The selection of an error criteria by which speech enhancement systems are optimized and compared is of central importance, but there is no absolute best set of criteria. Ultimately, the selected criteria must relate to the subjective evaluation by a human listener, and should take into account traits of auditory perception. An example of a system that exploits certain perceptual aspects of speech is that developed by Drucker, as described in “Speech Processing in a High Ambient Noise Environment”, IEEE Trans. On AudioElectroacoustics, Vol.: Au-16, pp: 165-168, June 1968. Based on experimental findings, Drucker concluded that a primary cause for intelligibility loss in speech degraded by wide-band noise is confusion between fricatives and plosive sounds, which is partially due to a loss of short pauses immediately before the plosive sounds. Drucker reports a significant improvement in intelligibility after high pass filtering the /s/ fricative and inserting short pauses before the plosive sounds. However, Drucker's assumption that the plosive sounds can be accurately determined limits the usefulness of the system.
Many speech enhancement techniques take a more mathematical approach, which are empirically matched to human perception. An example of a mathematical criterion that is useful in matching short time spectral magnitudes, a perceptually important characterization of speech, is the mean squared error (MSE). A computational advantage to using this criteria is that the minimum MSE reduces to a linear set of equations. Other factors, however, can make an “optimally small” MSE misleading. In the case of speech degraded by narrow-band noise, which is considerably less comfortable to listen to than wide-band noise, wide-band noise can be added to mask the more unpleasant narrow-band noise. This technique makes the mean squared error larger.

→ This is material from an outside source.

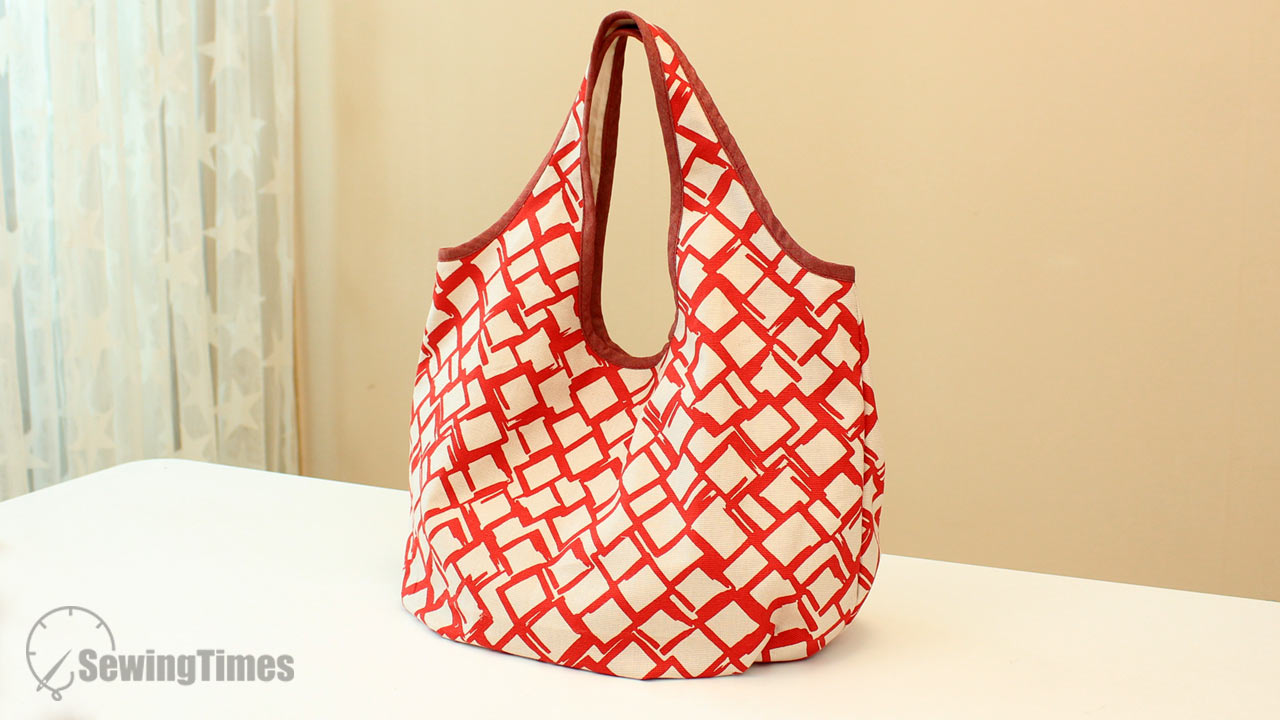 You are currently viewing DIY Shoulder Bag with Round Bottom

The enhancement of speech degraded by additive noise has led to diverse approaches and systems. Some systems, like Drucker's, exploit certain perceptual aspects of speech. Others have focused on improving the estimate of the short time Fourier transform magnitude (STFTM), which is perceptually important in characterizing speech. The phase, on the other hand, may be considered as relatively unimportant.
Because the STFTM of speech is perceptually very important, one approach has been to estimate the STEM of clean speech, given information about the noise source. Two classes of techniques have evolved out of this approach. In the first, the short time spectral amplitude is estimated from the spectrum of degraded speech and information about the noise source. Usually, the processed spectrum adopts the phase of the spectrum of the noisy speech because phase information is not as important perceptually. This first class includes spectral subtraction, correlation subtraction and maximum likelihood estimation techniques. The second class of techniques, which includes Wiener filtering, uses the degraded speech and noise information to create a zero-phase filter that is then applied to the noisy speech. As reported by H. L. Van Trees in “Detection, Estimation and Modulation Theory”, Pt. 1, John Wiley and Sons, New York, N.Y. 1968, with Wiener filtering the goal is to develop a filter which can be applied to noisy speech to form the enhanced speech.
Turning first to the class concerned with estimation of short time spectral amplitude, particularly where spectral subtraction is used, statistical information is obtained about the noise source to estimate the STFTM of clean speech. This technique is also known as power spectrum subtraction. Variations of these techniques included the more general relation identified by Lim et al in “Enhancement and Bandwidth Compression of Noisy Speech”, Proc. of the IEEE, Vol:. 67, No.: 12, December 1979, as:
|{circumflex over (S)}(ω)|α=|Y(ω)|α−βE[|N(ω)|α] (1)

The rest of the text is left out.